Se había celebrado un mitin contra la guerra de Marruecos, que yo presidí. Hablaron en él Pablo Iglesias, Jaime Vera y otros. Los oradores emitieron conceptos delictivos a juicio de la autoridad y, por no haberles llamado la atención incoaron proceso contra el Presidente. Lo chistoso del caso era que el delegado de la autoridad —que es a quien corresponde tal obligación— estuvo sentado a mi lado todo el tiempo que duró el mitin y no me hizo observación ni advertencia alguna.

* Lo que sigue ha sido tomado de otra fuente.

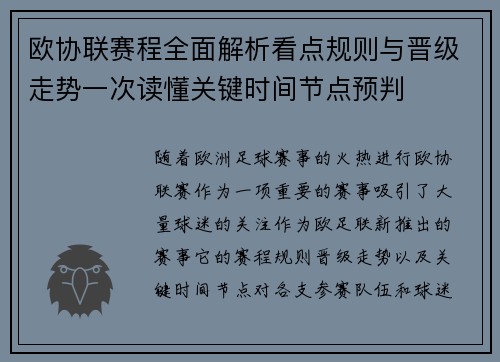 欧协联赛程全面解析看点规则与晋级走势一次读懂关键时间节点预判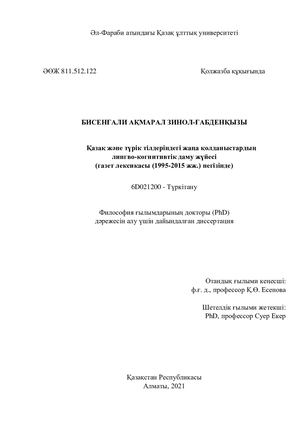 Бисенгали диссертация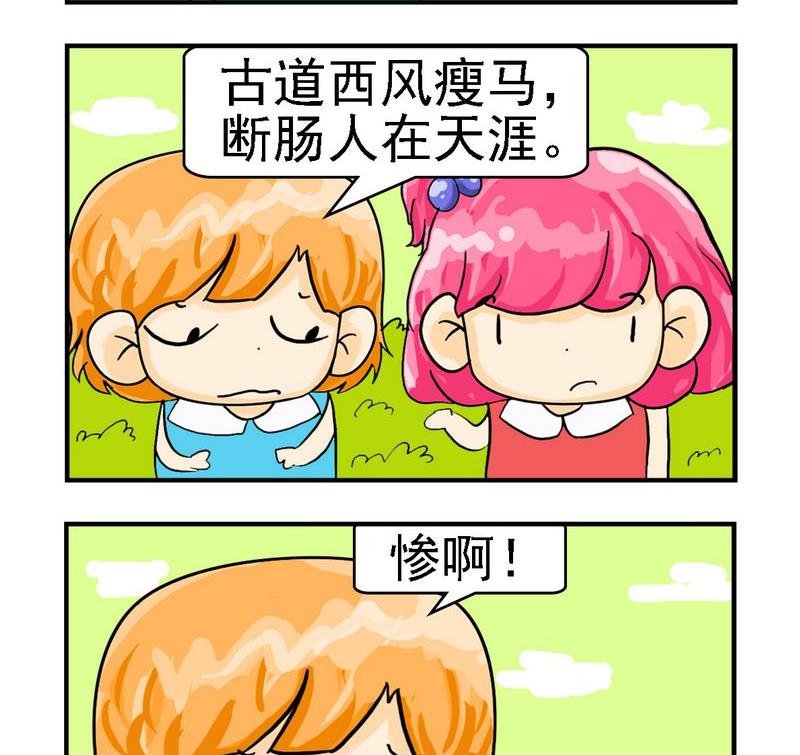 3 麻将
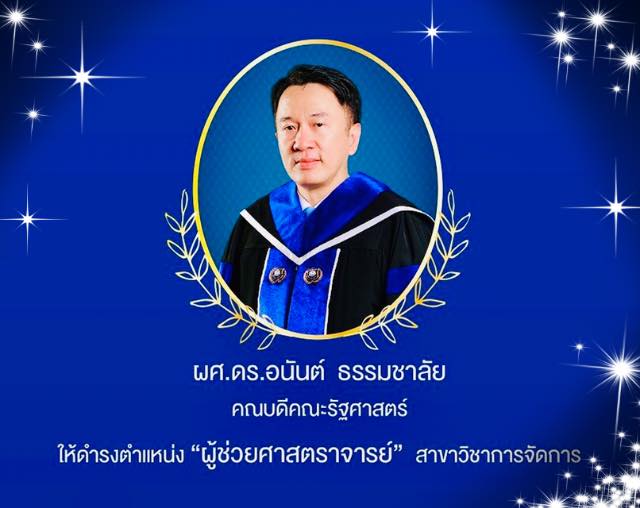 ขอแสดงความยินดีกับ ดร.อนันต์ ธรรมชาลัย อุปนายก คนที่ ๑ ที่ได้รับการแต่งตั้งให้ดำรงตำแหน่งทางวิชาการ "ผู้ช่วยศาสตราจารย์"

En 1910 continuaba la campaña contra la guerra. Los mítines se sucedían con frecuencia, organizados por la Agrupación Socialista y la Casa del Pueblo, y como yo era Presidente de las dos organizaciones, redactaba los carteles convocatorios. Por el texto de uno de ellos me procesaron por la jurisdicción militar. No dije nada a mi familia ni a los compañeros. El juez instructor era republicano y temía el resultado del proceso. Simpatizaba con los socialistas. Su deseo era el sobreseimiento. Al nombrar el abogado defensor me indicó el nombre de un capitán que vivía en la calle de Sagasta, 1, entresuelo. Lo difícil será, dijo el juez, que acepte, pero si dice sí, es segura la absolución; es muy buen abogado y con gran autoridad entre los militares. Con estas referencias fui a ver al capitán a su casa. Me recibió acostado en la cama. Le expuse el objeto de mi visita y, después de oírme con mucha atención, contestó que CON MUCHO GUSTO HARÍA DE FISCAL, PERO NO DE DEFENSOR. Pronunció un discurso contra los socialistas calificándolos de antipatriotas por su campaña contra la guerra de Marruecos. Comprenderá usted el efecto que hubo de producir en mi ánimo tal actitud. Nombré otro defensor; se celebró el Consejo de guerra y fui condenado a seis años y un día de prisión. La causa pasó al Consejo Supremo de Guerra y Marina, y éste anuló la sentencia. Si hubiera tenido que cumplir la condena, los primeros sorprendidos hubieran sido mis familiares y las Sociedades obreras de la Casa del Pueblo, a quienes había ocultado todo para no deprimir el espíritu de lucha.
La Unión General de Trabajadores nos designó a Julián Besteiro, a Vicente Barrio y a mí para realizar una campaña de propaganda en Cataluña. Nos detuvimos en Zaragoza, donde habían organizado un acto en el Centro Obrero con el deseo de escuchar nuestras peroraciones. Estando Besteiro en el uso de la palabra se produjo un movimiento tumultuoso en el salón, en el que había penetrado un grupo de ferroviarios dando vivas a la huelga; ignorábamos de qué huelga se trataba y ésta fue la primera noticia que tuvimos de que, en efecto, se había declarado un paro en los ferrocarriles catalanes. Partimos al siguiente día para Cataluña, e inmediatamente de llegar a Barcelona visitamos el Centro de ferroviarios y, en nombre de la Unión General, nos pusimos a su disposición. Cuando salimos a la calle fuimos detenidos por la policía. Se nos condujo a la comisaría y después a la cárcel, entre policías con pistola en mano.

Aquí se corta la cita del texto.